Seorang warga yang berjuang mengurus SIM secara mandiri mengungkapkan, antrean dan proses berbelit seolah menjadi tembok penghalang yang sengaja dibangun.
Ironisnya, mereka yang datang melalui calo justru mendapatkan privilege—dilayani bak raja tanpa hambatan. “Seperti ada diskriminasi, yang jujur malah dipersulit,” keluhnya.
Bak drama sinetron, seorang pemohon bernama KT tertangkap basah sedang tawar-menawar dengan calo untuk mendapatkan SIM A. Harga yang dipatok? Fantastis, Rp 900.000! Jauh dari tarif resmi yang seharusnya. Ini bukan lagi sekadar pungutan liar, tapi praktik pemerasan yang terang-terangan.
Pertanyaannya, mengapa digitalisasi yang digadang-gadang sebagai solusi justru gagal menekan praktik percaloan? Mungkinkah sistem online itu sendiri yang cacat, atau justru ada oknum internal yang bermain mata dengan para calo?

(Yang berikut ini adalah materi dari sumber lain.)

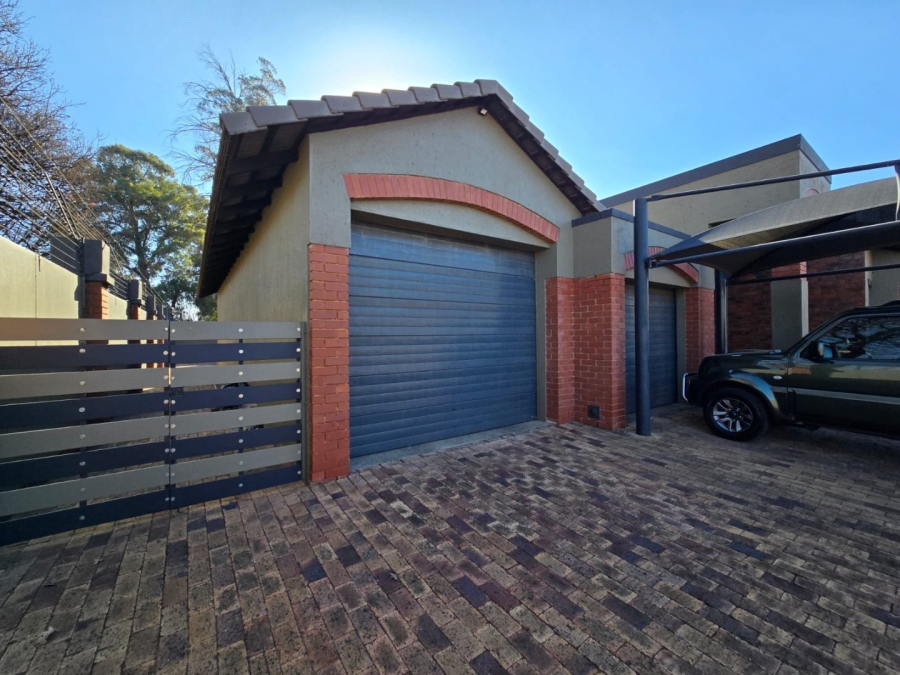 3 Bedroom Property for Sale in Lilianton Gauteng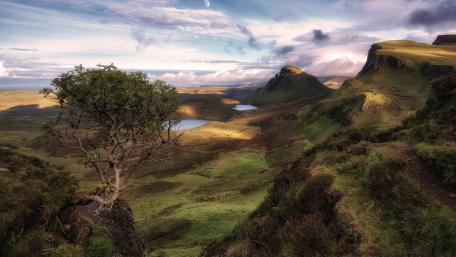 Quiraing mountains, Isle of Skye wallpaper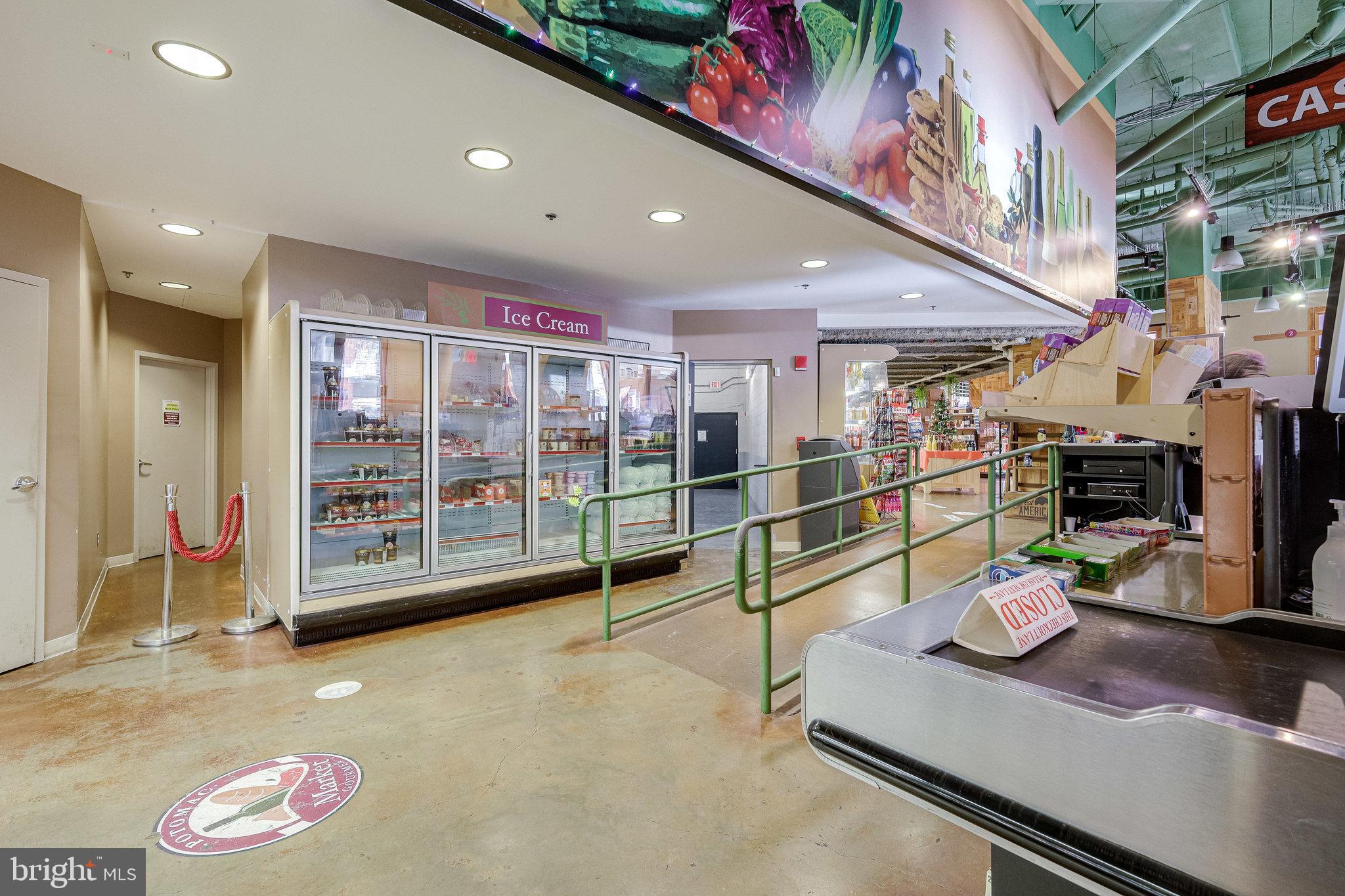 ONE NATIONAL HARBOR CONDOMINIUM - Residential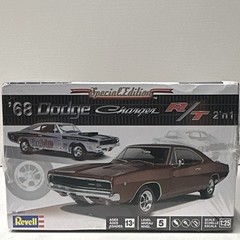 Revell ’68 Dodge Charger R/T 2’n1 1:25 Kit Skill 5 85-4202
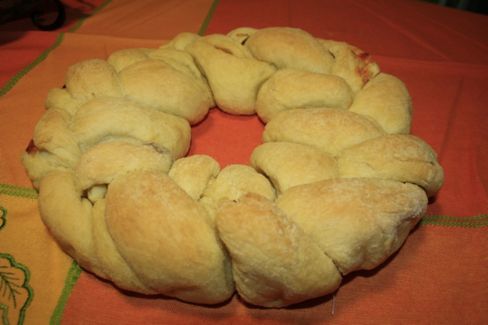 Pane al latte farcito con olive, pomodori secchi e peperoncino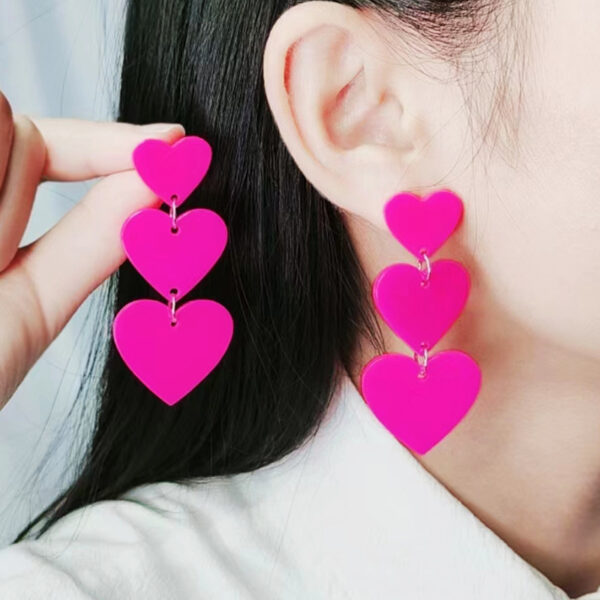Wholesale Asymmetric Triple Love Acrylic Earrings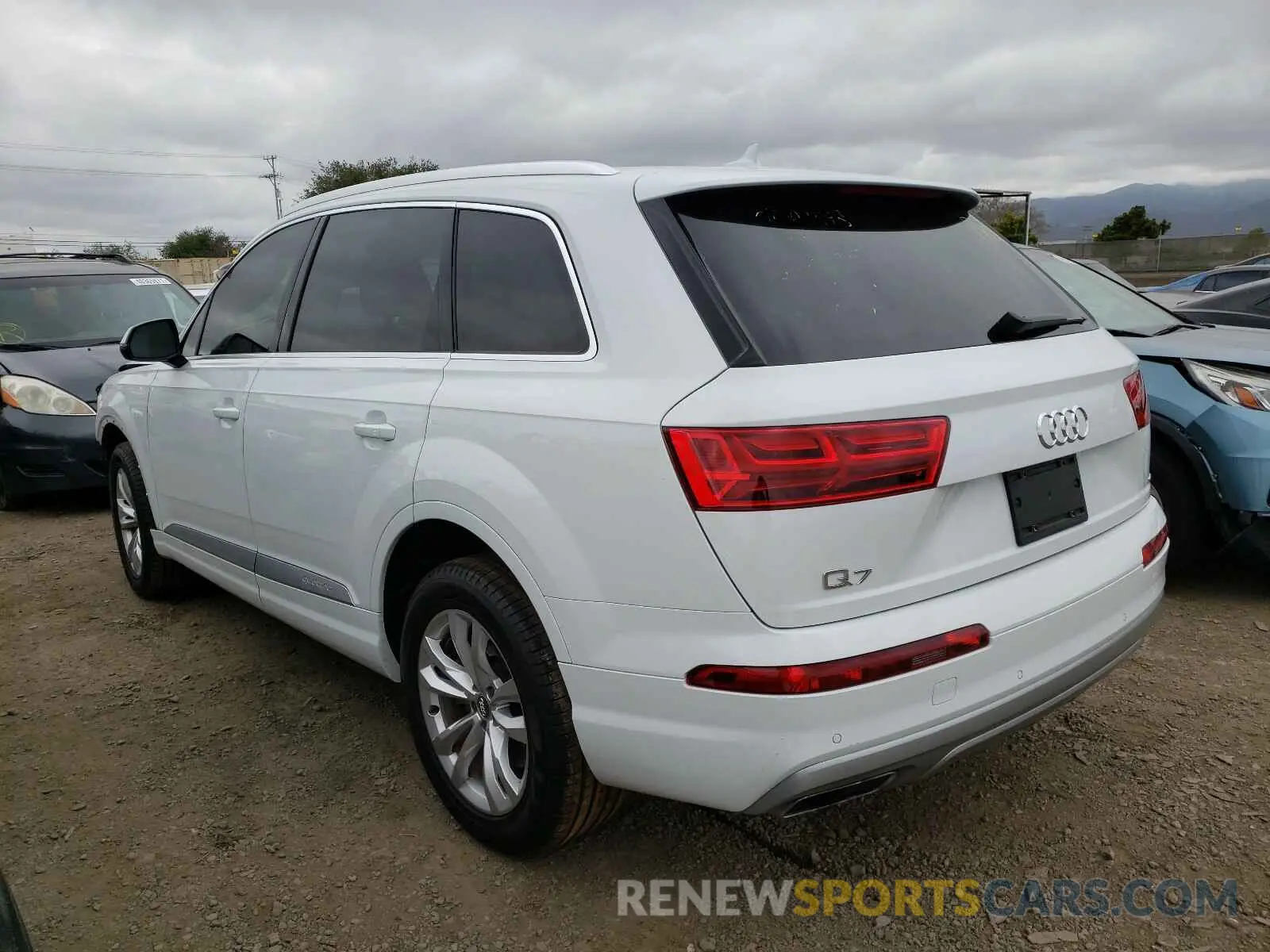 3 Фотография поврежденного автомобиля WA1AHAF78KD034913 AUDI Q7 2019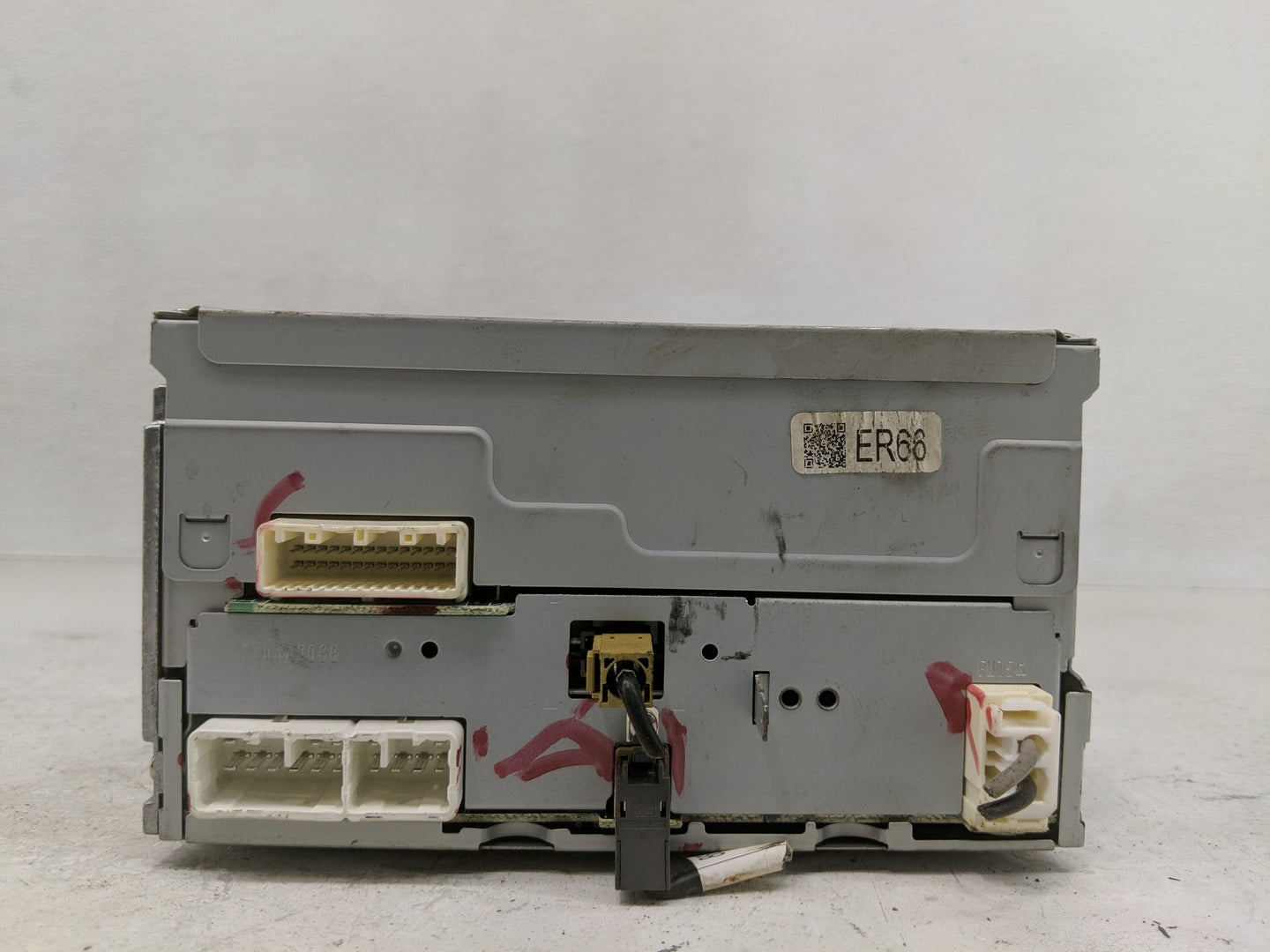 2013-2014 Subaru Legacy Radio AM FM Cd Player Receiver Replacement P/N:86201AJ66A Fits Fits 2013 2014 OEM Used Auto Parts - 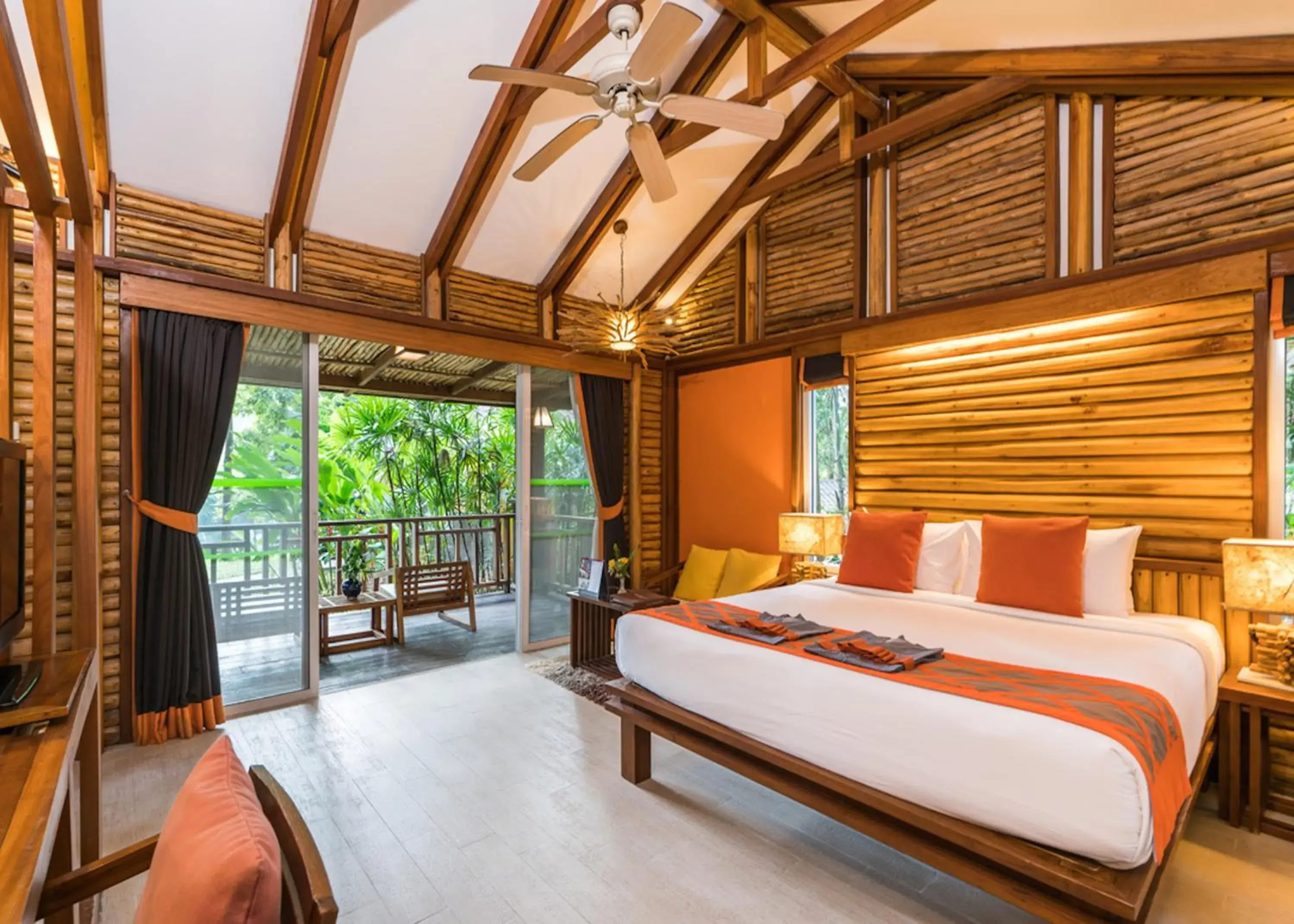 Deluxe Double or Twin Room with River View in Home Phutoey River Kwai Hotspring & Nature Resort Deluxe Double or Twin Room with River View in Home Phutoey River Kwai Hotspring & Nature Resort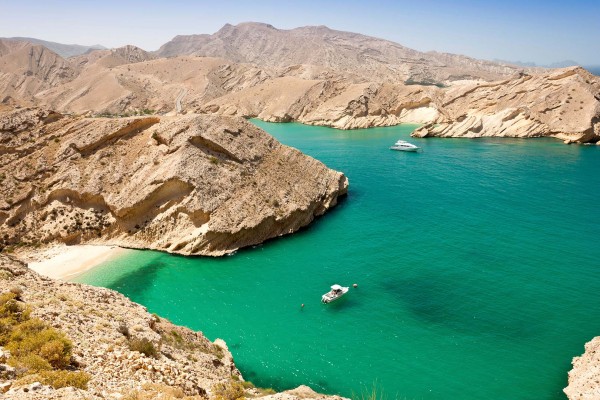 Hidden Coves Dubai and Middle East Yacht Charter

Masyarakat Banjar menuntut transparansi dan akuntabilitas dari pihak kepolisian. Bukan hanya sekadar menangkap calo kelas teri, tapi membongkar sindikat percaloan yang lebih besar dan menyeret semua oknum yang terlibat ke meja hijau. Jika tidak, digitalisasi hanyalah lip service, dan masyarakat akan terus menjadi sapi perah para calo yang tak tahu malu.
Sudah saatnya revolusi mental di tubuh Polri. SIM adalah hak, bukan barang dagangan. Berantas percaloan, tegakkan keadilan, dan kembalikan kepercayaan masyarakat!